Avec The Car, la troupe d’Alex Turner persiste et signe, poursuivant le virage entrepris avec Tranquility Base Hotel & Casino, avec toutefois un peu moins de fantaisie dans son propos.
Donnnn’t get emotional, it’s not like youuuuuu… est l’instruction intimée avec une sexitude suave par Alex Turner après une minute d’instrumental mélancolique pour lounge bar déserté après minuit. Une consigne plus facile à entendre qu’à suivre quand :
1- La voix qui nous la communique semble trempée dans la saccharose.
2- L’album en question démoule une fournée de ballades langoureuses, riches en guimauve et en meringues sixties.
Ironie anglaise, perfide Albion, serre-nous bien fort.
Voilà maintenant un vingtaine d’années que le quatuor de Sheffield tient le commun du public rock dans la paume de ses huit mains. Après le sommet commercial atteint en 2013 avec AM, imparable blockbuster de rock looké et accrocheur, leur voie semblait royale et toute tracée. Qu’on les aime ou pas, Arctic Monkeys étaient bel et bien les nouveaux titulaires de la couronne du rock & roll grand public. Plus juvéniles que Queens of the Stone Age, plus arty que les Strokes, plus malins que Muse et plus sensuels que Kasabian, les quatre anglais avaient le profil idéal pour ratisser large sans perdre pied, pour fédérer quinquagénaires fan de Joy Division et midinettes de base en route pour leur premier Coachella. Une mission bien plus noble que ce que le gros des grincheux anti-mainstream ne daignerait admettre.

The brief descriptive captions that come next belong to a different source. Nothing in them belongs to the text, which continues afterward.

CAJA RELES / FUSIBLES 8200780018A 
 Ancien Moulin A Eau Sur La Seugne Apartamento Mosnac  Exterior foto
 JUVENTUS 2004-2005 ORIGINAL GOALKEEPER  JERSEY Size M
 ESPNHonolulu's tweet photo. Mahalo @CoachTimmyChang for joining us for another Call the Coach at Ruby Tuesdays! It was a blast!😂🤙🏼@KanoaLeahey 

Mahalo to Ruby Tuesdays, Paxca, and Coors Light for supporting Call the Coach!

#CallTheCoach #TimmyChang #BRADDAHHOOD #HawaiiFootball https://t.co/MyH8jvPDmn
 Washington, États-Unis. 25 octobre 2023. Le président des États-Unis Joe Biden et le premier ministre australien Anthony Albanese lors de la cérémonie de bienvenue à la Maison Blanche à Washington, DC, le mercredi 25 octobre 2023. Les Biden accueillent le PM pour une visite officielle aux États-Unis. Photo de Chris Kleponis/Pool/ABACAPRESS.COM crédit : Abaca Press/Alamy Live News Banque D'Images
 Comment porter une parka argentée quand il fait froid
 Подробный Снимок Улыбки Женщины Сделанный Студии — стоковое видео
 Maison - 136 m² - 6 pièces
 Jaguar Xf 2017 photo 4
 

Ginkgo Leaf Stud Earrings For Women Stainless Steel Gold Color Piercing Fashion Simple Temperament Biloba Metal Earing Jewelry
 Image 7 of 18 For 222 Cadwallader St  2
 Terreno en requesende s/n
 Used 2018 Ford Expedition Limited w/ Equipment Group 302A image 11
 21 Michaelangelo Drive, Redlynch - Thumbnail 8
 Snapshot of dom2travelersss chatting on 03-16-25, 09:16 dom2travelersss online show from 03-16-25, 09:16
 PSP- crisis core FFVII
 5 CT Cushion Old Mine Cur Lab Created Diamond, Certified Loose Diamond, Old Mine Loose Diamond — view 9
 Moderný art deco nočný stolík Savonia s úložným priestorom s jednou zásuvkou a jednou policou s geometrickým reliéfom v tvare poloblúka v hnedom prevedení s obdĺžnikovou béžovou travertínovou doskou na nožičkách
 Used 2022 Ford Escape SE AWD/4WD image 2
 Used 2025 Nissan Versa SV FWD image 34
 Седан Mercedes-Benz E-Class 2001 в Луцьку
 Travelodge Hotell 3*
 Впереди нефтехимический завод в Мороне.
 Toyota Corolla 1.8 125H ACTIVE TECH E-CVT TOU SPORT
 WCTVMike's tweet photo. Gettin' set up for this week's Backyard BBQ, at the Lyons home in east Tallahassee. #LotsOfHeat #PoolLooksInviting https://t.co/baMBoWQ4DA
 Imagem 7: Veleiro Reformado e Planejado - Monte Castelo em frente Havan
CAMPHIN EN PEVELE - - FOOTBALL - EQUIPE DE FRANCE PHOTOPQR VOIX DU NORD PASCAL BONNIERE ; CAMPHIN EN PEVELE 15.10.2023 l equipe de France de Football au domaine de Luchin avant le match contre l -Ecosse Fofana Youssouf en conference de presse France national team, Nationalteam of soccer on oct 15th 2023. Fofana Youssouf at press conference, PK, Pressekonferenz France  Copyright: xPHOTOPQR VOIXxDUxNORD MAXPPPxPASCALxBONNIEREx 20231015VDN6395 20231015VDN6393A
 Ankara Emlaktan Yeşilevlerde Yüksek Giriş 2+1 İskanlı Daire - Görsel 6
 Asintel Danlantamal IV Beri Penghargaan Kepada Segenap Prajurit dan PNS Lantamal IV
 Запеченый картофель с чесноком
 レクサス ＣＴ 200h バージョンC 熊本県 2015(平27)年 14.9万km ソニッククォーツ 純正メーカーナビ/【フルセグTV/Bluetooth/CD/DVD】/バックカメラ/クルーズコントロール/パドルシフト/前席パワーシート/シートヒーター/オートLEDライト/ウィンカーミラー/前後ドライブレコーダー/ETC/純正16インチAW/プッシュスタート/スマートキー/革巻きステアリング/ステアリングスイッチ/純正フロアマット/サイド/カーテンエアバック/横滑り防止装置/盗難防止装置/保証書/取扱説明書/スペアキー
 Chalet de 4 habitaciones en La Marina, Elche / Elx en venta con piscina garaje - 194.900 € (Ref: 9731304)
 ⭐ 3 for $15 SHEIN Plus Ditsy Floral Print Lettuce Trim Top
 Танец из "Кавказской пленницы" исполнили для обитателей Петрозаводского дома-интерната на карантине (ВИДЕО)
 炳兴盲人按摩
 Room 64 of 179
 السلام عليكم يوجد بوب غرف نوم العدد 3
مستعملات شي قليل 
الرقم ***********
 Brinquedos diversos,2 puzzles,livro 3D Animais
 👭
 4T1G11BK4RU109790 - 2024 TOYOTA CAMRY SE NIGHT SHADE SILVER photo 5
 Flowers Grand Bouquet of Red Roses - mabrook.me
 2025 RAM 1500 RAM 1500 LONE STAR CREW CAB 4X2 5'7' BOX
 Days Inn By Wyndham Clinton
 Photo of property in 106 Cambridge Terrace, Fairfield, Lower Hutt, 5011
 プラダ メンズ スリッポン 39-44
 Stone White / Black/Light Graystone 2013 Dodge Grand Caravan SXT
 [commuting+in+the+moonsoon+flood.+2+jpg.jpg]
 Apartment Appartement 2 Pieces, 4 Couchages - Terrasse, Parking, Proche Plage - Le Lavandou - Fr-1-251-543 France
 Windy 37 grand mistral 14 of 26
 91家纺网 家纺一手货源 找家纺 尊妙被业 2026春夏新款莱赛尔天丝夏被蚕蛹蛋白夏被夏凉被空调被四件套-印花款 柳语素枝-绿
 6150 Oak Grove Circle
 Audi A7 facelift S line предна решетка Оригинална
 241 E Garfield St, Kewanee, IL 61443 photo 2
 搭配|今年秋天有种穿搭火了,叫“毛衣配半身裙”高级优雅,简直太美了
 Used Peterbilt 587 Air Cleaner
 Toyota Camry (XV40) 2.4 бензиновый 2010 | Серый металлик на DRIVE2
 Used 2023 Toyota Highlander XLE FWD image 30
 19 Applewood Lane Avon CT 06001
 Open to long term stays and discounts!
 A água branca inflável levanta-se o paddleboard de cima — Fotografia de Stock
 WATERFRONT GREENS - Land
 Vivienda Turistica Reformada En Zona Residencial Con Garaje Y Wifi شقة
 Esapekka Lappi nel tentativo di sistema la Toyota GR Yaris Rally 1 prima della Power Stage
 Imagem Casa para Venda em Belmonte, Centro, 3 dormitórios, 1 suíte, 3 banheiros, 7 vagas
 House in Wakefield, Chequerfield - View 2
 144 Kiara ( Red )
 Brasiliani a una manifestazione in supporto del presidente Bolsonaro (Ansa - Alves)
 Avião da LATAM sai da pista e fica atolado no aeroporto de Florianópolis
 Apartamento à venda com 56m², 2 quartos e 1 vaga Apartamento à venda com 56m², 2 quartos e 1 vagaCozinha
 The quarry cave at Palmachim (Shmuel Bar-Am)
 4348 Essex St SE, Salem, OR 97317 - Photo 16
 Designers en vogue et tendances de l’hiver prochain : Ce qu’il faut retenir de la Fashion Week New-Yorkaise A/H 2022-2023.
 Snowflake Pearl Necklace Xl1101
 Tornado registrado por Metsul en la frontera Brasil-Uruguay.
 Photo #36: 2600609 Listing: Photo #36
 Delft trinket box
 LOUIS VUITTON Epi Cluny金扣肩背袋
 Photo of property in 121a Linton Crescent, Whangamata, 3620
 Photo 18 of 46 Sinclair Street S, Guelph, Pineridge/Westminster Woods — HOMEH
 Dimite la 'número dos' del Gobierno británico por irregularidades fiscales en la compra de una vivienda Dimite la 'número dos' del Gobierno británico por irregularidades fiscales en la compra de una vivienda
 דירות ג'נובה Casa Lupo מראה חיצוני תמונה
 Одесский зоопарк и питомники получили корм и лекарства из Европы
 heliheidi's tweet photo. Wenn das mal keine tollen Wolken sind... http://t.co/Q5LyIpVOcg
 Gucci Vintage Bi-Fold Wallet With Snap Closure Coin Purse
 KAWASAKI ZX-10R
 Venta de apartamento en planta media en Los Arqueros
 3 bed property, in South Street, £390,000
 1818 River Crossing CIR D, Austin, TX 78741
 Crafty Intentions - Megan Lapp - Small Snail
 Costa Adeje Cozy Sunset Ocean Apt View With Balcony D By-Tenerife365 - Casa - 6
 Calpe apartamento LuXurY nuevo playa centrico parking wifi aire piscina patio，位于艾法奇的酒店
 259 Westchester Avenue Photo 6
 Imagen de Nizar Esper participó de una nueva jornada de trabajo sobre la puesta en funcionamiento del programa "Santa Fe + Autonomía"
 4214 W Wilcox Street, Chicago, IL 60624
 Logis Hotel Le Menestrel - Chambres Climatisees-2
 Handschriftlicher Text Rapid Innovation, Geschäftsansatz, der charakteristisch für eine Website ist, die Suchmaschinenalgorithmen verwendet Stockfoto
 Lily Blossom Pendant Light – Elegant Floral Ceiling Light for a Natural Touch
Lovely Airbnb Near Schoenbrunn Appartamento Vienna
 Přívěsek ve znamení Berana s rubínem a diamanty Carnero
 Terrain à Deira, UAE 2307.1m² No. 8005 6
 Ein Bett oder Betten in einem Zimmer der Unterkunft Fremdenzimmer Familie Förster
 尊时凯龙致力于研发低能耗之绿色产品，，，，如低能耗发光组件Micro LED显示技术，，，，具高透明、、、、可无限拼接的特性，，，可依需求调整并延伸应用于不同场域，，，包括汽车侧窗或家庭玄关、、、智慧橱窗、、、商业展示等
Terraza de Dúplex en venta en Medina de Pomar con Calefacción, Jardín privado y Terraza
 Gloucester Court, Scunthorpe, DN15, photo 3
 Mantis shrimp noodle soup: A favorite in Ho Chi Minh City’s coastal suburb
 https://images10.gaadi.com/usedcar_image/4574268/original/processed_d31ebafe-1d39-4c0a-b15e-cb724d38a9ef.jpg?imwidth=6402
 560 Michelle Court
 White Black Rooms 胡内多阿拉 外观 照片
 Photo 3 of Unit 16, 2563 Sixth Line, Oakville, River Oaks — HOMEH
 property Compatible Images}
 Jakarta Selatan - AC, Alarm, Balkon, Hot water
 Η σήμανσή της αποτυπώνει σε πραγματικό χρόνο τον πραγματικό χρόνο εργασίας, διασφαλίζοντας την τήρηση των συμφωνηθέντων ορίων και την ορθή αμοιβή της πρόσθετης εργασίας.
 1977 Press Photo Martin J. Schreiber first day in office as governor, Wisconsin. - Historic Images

Puis, était venu le temps des désaccords, en l’occurrence autour des cocktails du space-opéra de Tranquility Base Hotel & Casino, concept album rétro-futuriste aussi déstabilisant qu’audacieux pour un groupe de rock populaire. Une collection de titres surprenants, mêlant pop surannée, jazz hollywoodien, arrangements cinématiques en apesanteur et crooning en costard trois pièces. Alex Turner avait bien bossé son falsetto et se plaisait à le montrer, tandis que sa plume sardonique garantissait la saveur du résultat. Résultat qui démontrait une certaine force de vision, qu’on y adhère ou non. Quatre ans plus tard, le quatuor briton a quitté l’espace pour revenir sur le tarmac avec The Car. La bagnole. On fait difficilement plus terrien. Retour au rock, donc ? Que nenni. On pourrait résumer la fourchette stylistique de ce nouvel album avec deux chansons en particulier. Sculptures of Anything Goes défriche un peu de territoire vierge (pour le groupe) avec ses synthés boudeurs et sa rythmique dépouillée, sur laquelle les vocaux de Turner sont aussi séduisants qu’hantés, dépeignant une forteresse de solitude version duplex post-apocalyptique qui fait forcément son petit effet. À l’inverse, Jet Skis on The Moat est résolument soul et pop, sur un tempo Staxien en demi-temps rythmé à la pédale wah et au piano. Il s’agit également du moment où le falsetto de Turner peut manquer de souplesse, voire devenir bancal dans sa tenue de note. Du bon et du moins bon, du très confiant et du moins assuré, en somme.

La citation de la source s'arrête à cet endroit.